-- Task description --
Reproduce the listing exactly and skip over any pictures.

[[ Input data, beginning ]]

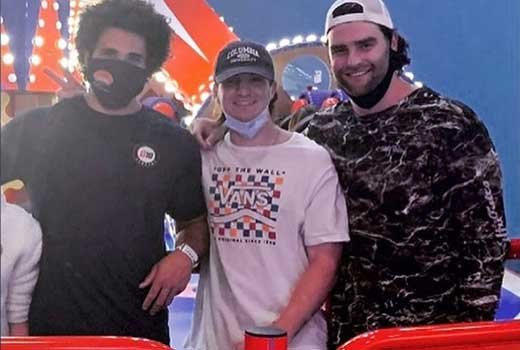 Jackson Coker with founder of Kg's Kids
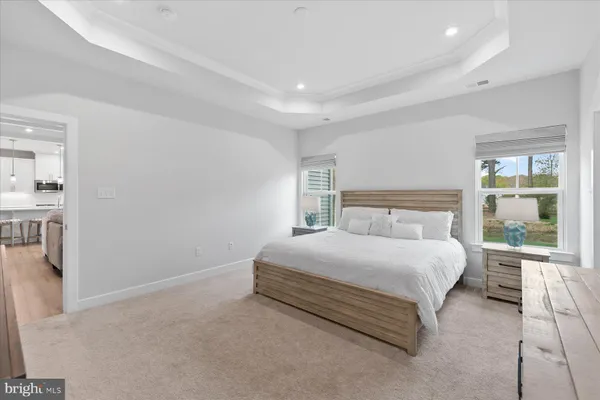 a bedroom with a bed and large window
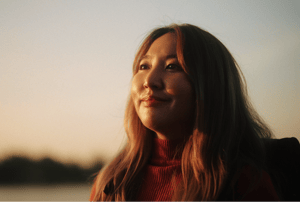 A woman with long hair smiling softly while looking into the distance during sunset, with a calm outdoor background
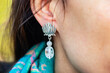 © marbenzu - Closeup of female ear wearing beautiful earring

[[ Input data, end ]]

-- Output for this exercise --
 Jackson Coker with founder of Kg's Kids
 a bedroom with a bed and large window
 A woman with long hair smiling softly while looking into the distance during sunset, with a calm outdoor background
 © marbenzu - Closeup of female ear wearing beautiful earring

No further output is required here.